### Your instructions
Copy out the entries exactly. Print them in full.

(Brief descriptive captions)
------------------------------

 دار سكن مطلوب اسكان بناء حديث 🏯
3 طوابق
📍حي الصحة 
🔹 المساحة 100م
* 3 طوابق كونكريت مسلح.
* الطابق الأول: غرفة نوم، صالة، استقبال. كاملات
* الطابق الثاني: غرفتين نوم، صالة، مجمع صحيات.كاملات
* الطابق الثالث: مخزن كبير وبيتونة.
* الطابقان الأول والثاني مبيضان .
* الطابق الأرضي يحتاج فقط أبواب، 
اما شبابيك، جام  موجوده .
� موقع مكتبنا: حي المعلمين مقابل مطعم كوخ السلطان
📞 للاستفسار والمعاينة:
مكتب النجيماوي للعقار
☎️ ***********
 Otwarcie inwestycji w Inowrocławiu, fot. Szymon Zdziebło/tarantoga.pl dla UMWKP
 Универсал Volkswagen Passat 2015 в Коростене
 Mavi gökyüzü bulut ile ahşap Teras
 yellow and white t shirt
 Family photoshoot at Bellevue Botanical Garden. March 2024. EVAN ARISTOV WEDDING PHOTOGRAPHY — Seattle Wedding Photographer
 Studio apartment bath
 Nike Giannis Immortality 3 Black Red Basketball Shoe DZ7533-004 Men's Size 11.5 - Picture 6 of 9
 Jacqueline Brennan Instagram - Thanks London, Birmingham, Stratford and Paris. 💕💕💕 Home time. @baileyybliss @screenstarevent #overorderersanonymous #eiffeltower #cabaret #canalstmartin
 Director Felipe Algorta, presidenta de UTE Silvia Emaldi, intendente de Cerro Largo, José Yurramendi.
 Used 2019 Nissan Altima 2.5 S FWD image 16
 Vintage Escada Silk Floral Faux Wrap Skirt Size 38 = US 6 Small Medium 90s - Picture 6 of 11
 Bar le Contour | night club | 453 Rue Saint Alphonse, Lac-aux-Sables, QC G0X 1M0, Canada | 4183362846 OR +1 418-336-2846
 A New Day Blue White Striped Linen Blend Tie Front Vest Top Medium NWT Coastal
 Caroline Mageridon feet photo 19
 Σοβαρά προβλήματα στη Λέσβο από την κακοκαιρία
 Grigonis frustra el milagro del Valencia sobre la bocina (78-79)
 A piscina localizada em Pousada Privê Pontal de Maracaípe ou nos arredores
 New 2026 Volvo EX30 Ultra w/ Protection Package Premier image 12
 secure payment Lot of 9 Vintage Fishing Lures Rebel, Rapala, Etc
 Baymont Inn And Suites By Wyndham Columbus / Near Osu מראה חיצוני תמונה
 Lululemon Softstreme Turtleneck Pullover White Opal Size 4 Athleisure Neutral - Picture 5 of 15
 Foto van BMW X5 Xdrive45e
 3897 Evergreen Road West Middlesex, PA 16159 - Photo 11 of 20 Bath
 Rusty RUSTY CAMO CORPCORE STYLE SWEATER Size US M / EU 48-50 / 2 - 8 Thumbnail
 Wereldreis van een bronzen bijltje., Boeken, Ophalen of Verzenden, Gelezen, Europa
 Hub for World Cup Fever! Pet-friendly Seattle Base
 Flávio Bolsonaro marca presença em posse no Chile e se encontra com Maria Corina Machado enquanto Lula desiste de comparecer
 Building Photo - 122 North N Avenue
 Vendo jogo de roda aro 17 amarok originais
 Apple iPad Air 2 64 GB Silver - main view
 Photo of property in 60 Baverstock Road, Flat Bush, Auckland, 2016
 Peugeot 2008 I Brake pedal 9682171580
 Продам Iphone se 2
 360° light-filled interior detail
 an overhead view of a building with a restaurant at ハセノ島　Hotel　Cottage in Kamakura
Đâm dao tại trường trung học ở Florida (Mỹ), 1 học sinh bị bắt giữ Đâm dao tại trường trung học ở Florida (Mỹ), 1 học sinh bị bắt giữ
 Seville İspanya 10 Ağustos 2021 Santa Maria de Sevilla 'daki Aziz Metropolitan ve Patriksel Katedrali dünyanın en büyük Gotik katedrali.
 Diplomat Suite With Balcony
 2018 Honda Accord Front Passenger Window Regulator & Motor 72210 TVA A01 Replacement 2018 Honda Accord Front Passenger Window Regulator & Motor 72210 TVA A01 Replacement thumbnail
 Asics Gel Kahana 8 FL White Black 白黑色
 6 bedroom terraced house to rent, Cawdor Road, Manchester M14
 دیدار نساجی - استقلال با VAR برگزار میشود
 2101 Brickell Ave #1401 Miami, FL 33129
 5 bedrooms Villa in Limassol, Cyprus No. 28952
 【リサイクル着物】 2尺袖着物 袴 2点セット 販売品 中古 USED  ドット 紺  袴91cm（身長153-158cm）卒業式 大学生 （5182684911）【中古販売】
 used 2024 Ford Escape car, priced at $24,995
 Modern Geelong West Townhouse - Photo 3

------------------------------

### Reply
 دار سكن مطلوب اسكان بناء حديث 🏯
3 طوابق
📍حي الصحة 
🔹 المساحة 100م
* 3 طوابق كونكريت مسلح.
* الطابق الأول: غرفة نوم، صالة، استقبال. كاملات
* الطابق الثاني: غرفتين نوم، صالة، مجمع صحيات.كاملات
* الطابق الثالث: مخزن كبير وبيتونة.
* الطابقان الأول والثاني مبيضان .
* الطابق الأرضي يحتاج فقط أبواب، 
اما شبابيك، جام  موجوده .
� موقع مكتبنا: حي المعلمين مقابل مطعم كوخ السلطان
📞 للاستفسار والمعاينة:
مكتب النجيماوي للعقار
☎️ ***********
 Otwarcie inwestycji w Inowrocławiu, fot. Szymon Zdziebło/tarantoga.pl dla UMWKP
 Универсал Volkswagen Passat 2015 в Коростене
 Mavi gökyüzü bulut ile ahşap Teras
 yellow and white t shirt
 Family photoshoot at Bellevue Botanical Garden. March 2024. EVAN ARISTOV WEDDING PHOTOGRAPHY — Seattle Wedding Photographer
 Studio apartment bath
 Nike Giannis Immortality 3 Black Red Basketball Shoe DZ7533-004 Men's Size 11.5 - Picture 6 of 9
 Jacqueline Brennan Instagram - Thanks London, Birmingham, Stratford and Paris. 💕💕💕 Home time. @baileyybliss @screenstarevent #overorderersanonymous #eiffeltower #cabaret #canalstmartin
 Director Felipe Algorta, presidenta de UTE Silvia Emaldi, intendente de Cerro Largo, José Yurramendi.
 Used 2019 Nissan Altima 2.5 S FWD image 16
 Vintage Escada Silk Floral Faux Wrap Skirt Size 38 = US 6 Small Medium 90s - Picture 6 of 11
 Bar le Contour | night club | 453 Rue Saint Alphonse, Lac-aux-Sables, QC G0X 1M0, Canada | 4183362846 OR +1 418-336-2846
 A New Day Blue White Striped Linen Blend Tie Front Vest Top Medium NWT Coastal
 Caroline Mageridon feet photo 19
 Σοβαρά προβλήματα στη Λέσβο από την κακοκαιρία
 Grigonis frustra el milagro del Valencia sobre la bocina (78-79)
 A piscina localizada em Pousada Privê Pontal de Maracaípe ou nos arredores
 New 2026 Volvo EX30 Ultra w/ Protection Package Premier image 12
 secure payment Lot of 9 Vintage Fishing Lures Rebel, Rapala, Etc
 Baymont Inn And Suites By Wyndham Columbus / Near Osu מראה חיצוני תמונה
 Lululemon Softstreme Turtleneck Pullover White Opal Size 4 Athleisure Neutral - Picture 5 of 15
 Foto van BMW X5 Xdrive45e
 3897 Evergreen Road West Middlesex, PA 16159 - Photo 11 of 20 Bath
 Rusty RUSTY CAMO CORPCORE STYLE SWEATER Size US M / EU 48-50 / 2 - 8 Thumbnail
 Wereldreis van een bronzen bijltje., Boeken, Ophalen of Verzenden, Gelezen, Europa
 Hub for World Cup Fever! Pet-friendly Seattle Base
 Flávio Bolsonaro marca presença em posse no Chile e se encontra com Maria Corina Machado enquanto Lula desiste de comparecer
 Building Photo - 122 North N Avenue
 Vendo jogo de roda aro 17 amarok originais
 Apple iPad Air 2 64 GB Silver - main view
 Photo of property in 60 Baverstock Road, Flat Bush, Auckland, 2016
 Peugeot 2008 I Brake pedal 9682171580
 Продам Iphone se 2
 360° light-filled interior detail
 an overhead view of a building with a restaurant at ハセノ島　Hotel　Cottage in Kamakura
Đâm dao tại trường trung học ở Florida (Mỹ), 1 học sinh bị bắt giữ Đâm dao tại trường trung học ở Florida (Mỹ), 1 học sinh bị bắt giữ
 Seville İspanya 10 Ağustos 2021 Santa Maria de Sevilla 'daki Aziz Metropolitan ve Patriksel Katedrali dünyanın en büyük Gotik katedrali.
 Diplomat Suite With Balcony
 2018 Honda Accord Front Passenger Window Regulator & Motor 72210 TVA A01 Replacement 2018 Honda Accord Front Passenger Window Regulator & Motor 72210 TVA A01 Replacement thumbnail
 Asics Gel Kahana 8 FL White Black 白黑色
 6 bedroom terraced house to rent, Cawdor Road, Manchester M14
 دیدار نساجی - استقلال با VAR برگزار میشود
 2101 Brickell Ave #1401 Miami, FL 33129
 5 bedrooms Villa in Limassol, Cyprus No. 28952
 【リサイクル着物】 2尺袖着物 袴 2点セット 販売品 中古 USED  ドット 紺  袴91cm（身長153-158cm）卒業式 大学生 （5182684911）【中古販売】
 used 2024 Ford Escape car, priced at $24,995
 Modern Geelong West Townhouse - Photo 3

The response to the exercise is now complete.